Updated: Jun 23, 2020


This is the very first post of this blog!!!


Tomio and I had always wanted to visit Norway. In fact, we were so close to booking a trip in December 2018 but decided against it because 4 hours of daylight just didn't seem to make sense. So we thought, why not summer? Summer is the least rainy season in Norway anyway. Turns out, 6/11 of the days when we were in Norway were rainy (out of the average 9-10 days of rain per month in summer).

Fun fact: It always rains when I travel. Great luck, Nat.


Here's a breakdown of what happened during our rainy summer holiday:


Day 1 and 2: Bergen to Trolltunga


Tomio and I flew 20+ hours on Turkish Airlines/SAS to Bergen (via Istanbul and Oslo) and once we touched down we immediately picked up our rental from Holiday Autos Car Rental. We then drove straight to Bergen city center to Coop, a hypermarket, to get all the groceries and extra camping equipment we needed for the next few days. Throughout our trip we stopped by many Coops and Kiwi stores, which you can find plenty of in Norway (Do check opening hours though). Groceries in Norway aren't the cheapest but it's definitely cheaper than eating out most of the times. We packed lots of canned food and instant noodles from Singapore for camping so we didn't spend much on food.


We booked an airbnb for our first night just to get cleaned up after our long travels. We also had to get a good rest as we were planning to hike to Trolltunga the next day. This was us stopping at a random waterfall while we were driving to our airbnb cabin.

This was also where I got betrayed by my Salomon shoes, slipped on mossy rocks, and had my Uniqlo jacket stained from the iron on the rocks. You can see after that I refused to climb to where Tomio got to, cause PTSD.

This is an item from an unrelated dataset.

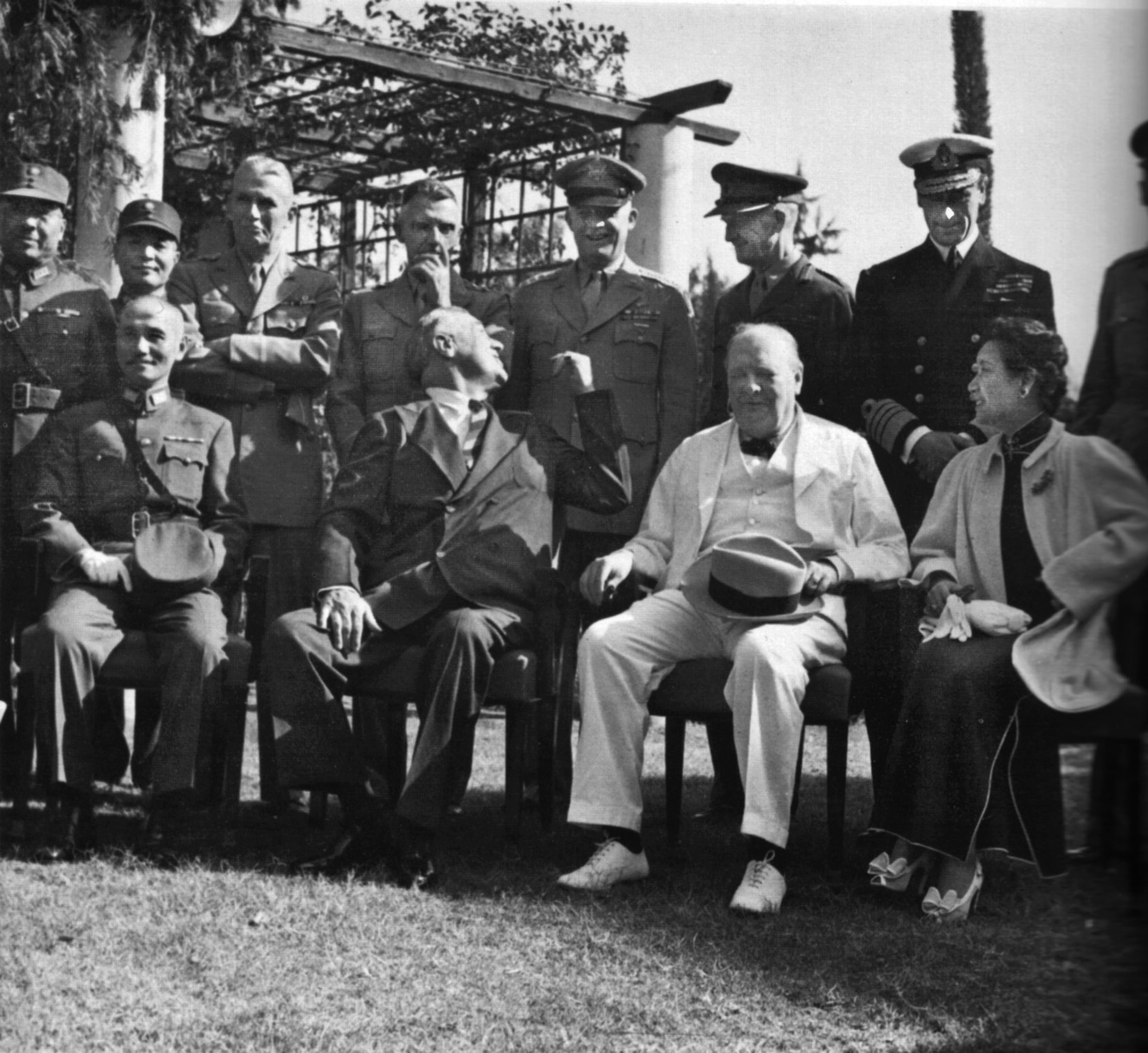 Chinese leader Generalissimo Chiang Kai-shek, seated left, joins President Roosevelt, Prime Minister Churchill and Madame Chiang during their conference in Cairo, immediately before the meeting of the Big Three at Tehran. Military officers behind the national leaders include U.S. General Brehon Somervell, U.S. General Joseph Stillwell, U.S. General Dwight D. Eisenhower, British Field Marshal Sir John Dill, and British Lord Louis Mountbatten.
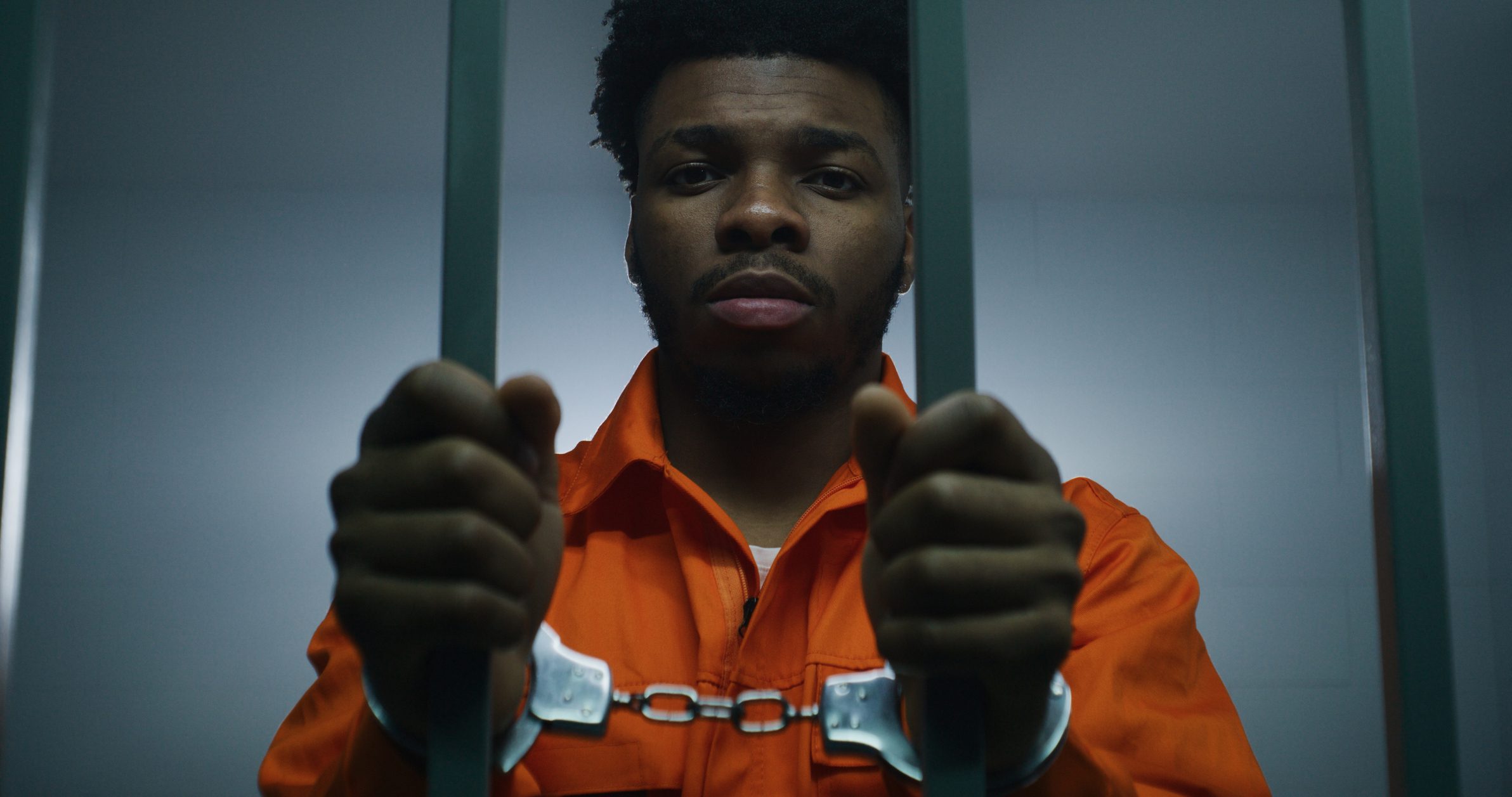 African American man in orange uniform keeps hands in handcuffs on jail cell bars. Depressed murderer serves imprisonment term in prison. Guilty prisoner in correctional facility or detention center.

We arrived at our cabin near Hardangerfjorden as we had to take the ferry the next day to cross to where Trolltunga was. It was in a very quiet area and maybe I watch too many crime documentaries but I found it eerily quiet and was actually afraid to go to the bathroom myself LOL what a noob indeed. Other than my cowardice it was actually pretty nice. Good enough as a rest stop before we began our trip!


We visited Bondhus Glacier the day after, before Trolltunga, as we had time. It was an easy trek and a chill place for us to hang around and people/dog-watch. We got creative with some of our shots later by channeling our inner supermodel. Please don't hate us.



We also stopped by Langfossen, which was a pretty impressive waterfall, but too high for me to take a decent shot (captured on Tomio's drone instead). We then finally headed to Trolltunga in the evening, as the plan was to hike and camp overnight so we could watch the sunrise the next morning. Trolltunga is like the Eiffel tower of Paris - it's a must for anyone travelling Norway. You can read more about our Trolltunga hike here as it's another experience altogether (spoiler alert: we did not make it to the tongue).


Since we couldn't camp at the top, we had to sleep in our car for that night. Not the most comfortable unfortunately. We wanted to try Trolltunga again but we had already booked an accommodation for the next night in Gudvangen. It's actually really hard to get accomms in Gudvangen in summer, so we'd rather not cancel.


Day 3 and 4: Gudvangen to Jostedal


We drove to see Voringfossen on Day 3, and the waterfall was nothing like we'd expected. It was very underwhelming. I am not even sure if that was the correct Voringfossen because it was so underwhelming. We were starting to think maybe waterfalls aren't our thing, but decided to give Tvindefossen a chance. It was slightly more picturesque but crowded, and we didn't spend more than 20 minutes there (Majority of that 20 minutes was spent trying to find the earring I dropped).



We decided to check in earlier at our Gudvangen cabin after the waterfalls, and guess what, it so happened that there was a Viking festival that day. Gudvangen is actually an old viking village in the super beautiful Nærøyfjord, which is part of UNESCO’s World Heritage list. During this festival, people dress up as vikings and did all things viking - they were selling runes (throwback to runescape days) and animal furs. There were skulls hung up and rituals performed and it was like being in a Vikings movie set, only it was (kinda) real.



We had some beer in front of the majestic fjord too and it was too amazing. I could live with with that view forever.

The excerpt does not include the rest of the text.